Os degraus, quanto mais altos,
Mais estragados estão,
Nem sustos nem sobressaltos
Servem sequer de lição.

«degraus» são as etapas da vida. Á medida que vamos envelhecendo, ficamos marcado, "estragados", mas nem sempre aprendemos a lição da vida, mesmo com os sustos que apanhamos.

Terceira Estrofe:

Quem tem medo não a sobe
Quem tem sonhos também não.
Há quem chegue a deitar fora
O lastro do coração.

Quando temos medo não ultrapassamos as etapas da vida, o que faz com que não subamos nenhum degrau.

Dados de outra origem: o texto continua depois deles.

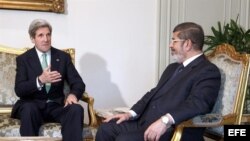 El presidente de Egipto, Mohamed Mursi (dcha) conversa con el secretario de Estado de Estados Unidos, John Kerry (izq).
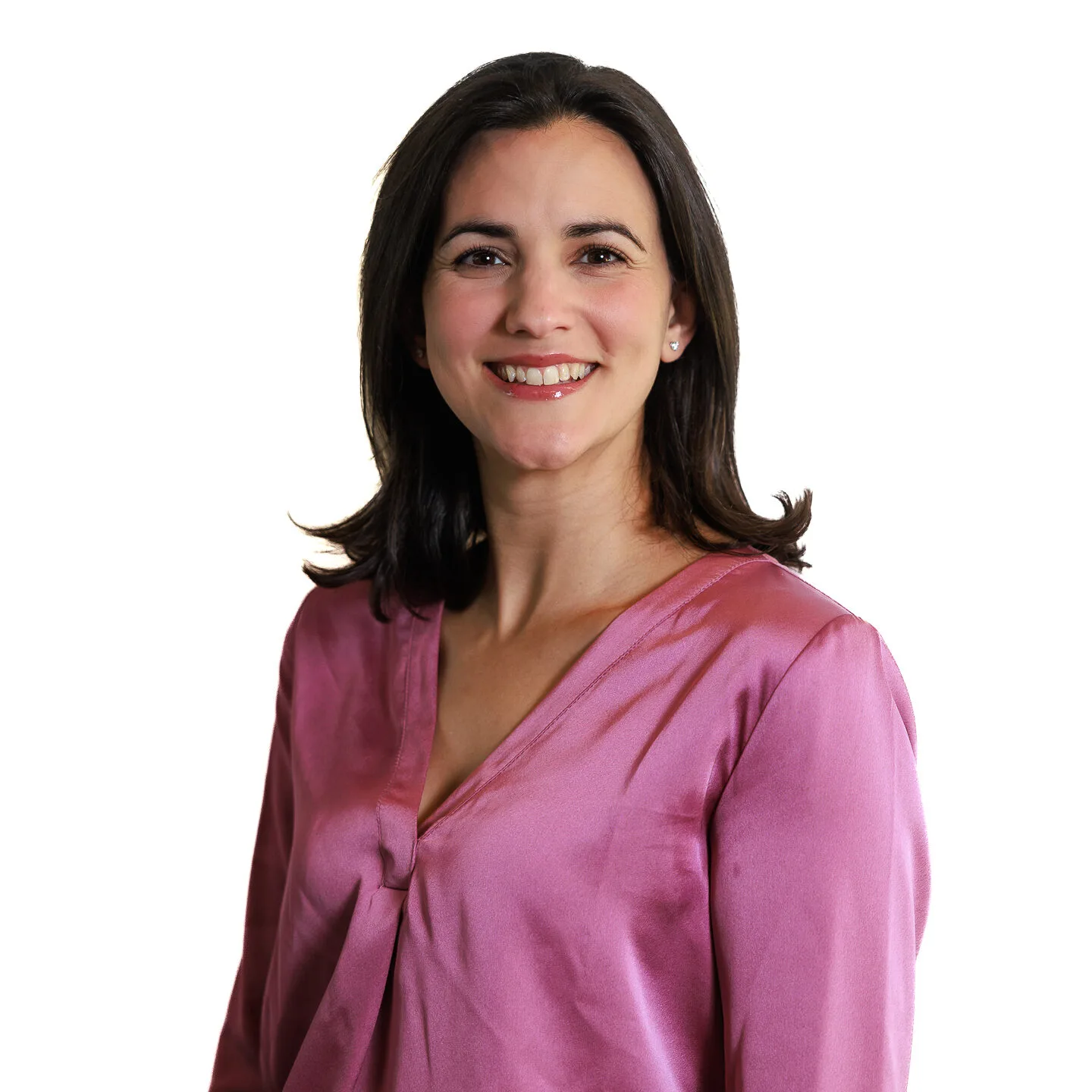 Smiling woman in a pink blouse with dark hair against a white background.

Há pessoas que chegam a "deitar fora" a base do coração.

Quarta Estrofe:

Sobe-se numa corrida.
Corre-se perigos em vão.
Adivinhaste: é a vida
A escada sem corrimão.

«Sobe-se numa corrida
Correm-se perigos em vão» a vida passa muito depressa e muitas das vezes corremos perigos desnecessários.
No fim do poema o poeta frisa mais uma vez que a vida é a tal escada que não tem corrimão, devemos vivê-la com o apoio da família e amigos, que nos vão ajudando nas quedas que damos.

Figuras de Estilo


"Vai a caminho do sol 
Mas nunca passa do chão."
Antítese- apresentação de um contraste entre duas ideias

"Os degraus, quanto mais altos,
Mais estragados estão,
Nem sustos nem sobressaltos
Servem sequer de lição."
Aliteração (s)- repetição de sons de consoantes, neste caso do S

"Quem tem medo não a sobe
Quem tem sonhos também não."
Anáfora- repetição de uma ou mais palavras no inicio de um verso

Biografia de Mourão-Ferreira

   Licenciou-se em Filologia Românica na Faculdade de Letras da Universidade de Lisboa em 1951. Mais tarde, em 1957 foi professor nesta, tendo-se destacado como um dos grande poetas contemporâneos do séc. XX.
   Mourão Ferreira trabalhou em vários jornais, dos quais se destacam a Seara Nova e o Diário Popular. Foi também um dos fundadores da revista Távola Redonda. Durante dez anos, de 1963 a 1973, foi secretário-geral da Sociedade Portuguesa de Autores. No governo desempenhou a função de Secretário de Estado da Cultura. Foi ainda autor de alguns programas de televisão, como o Imagens da Poesia Europeia, na RTP.
   Em 1996 recebeu o prémio de Carreira da Sociedade Portuguesa de Autores.
   Do primeiro casamento, com Maria Eulália nasceram David João e Adelaide Constança, que lhe deram onze netos e netas.
   Em 2005 a Universidade de Bari e o Instituto Camões decidiram homenagear o poeta abrindo nessa mesma cidade o Centro Studi Lusofoni- Cátedra David Mourão Ferreira. Este centro, dirigido pela Professora Fernanda Toriello tem como objectivo o estudo da obra de David Mourão Ferreira e a divulgação da língua portuguesa, promovendo também o Prémio Europa David Mourão Ferreira.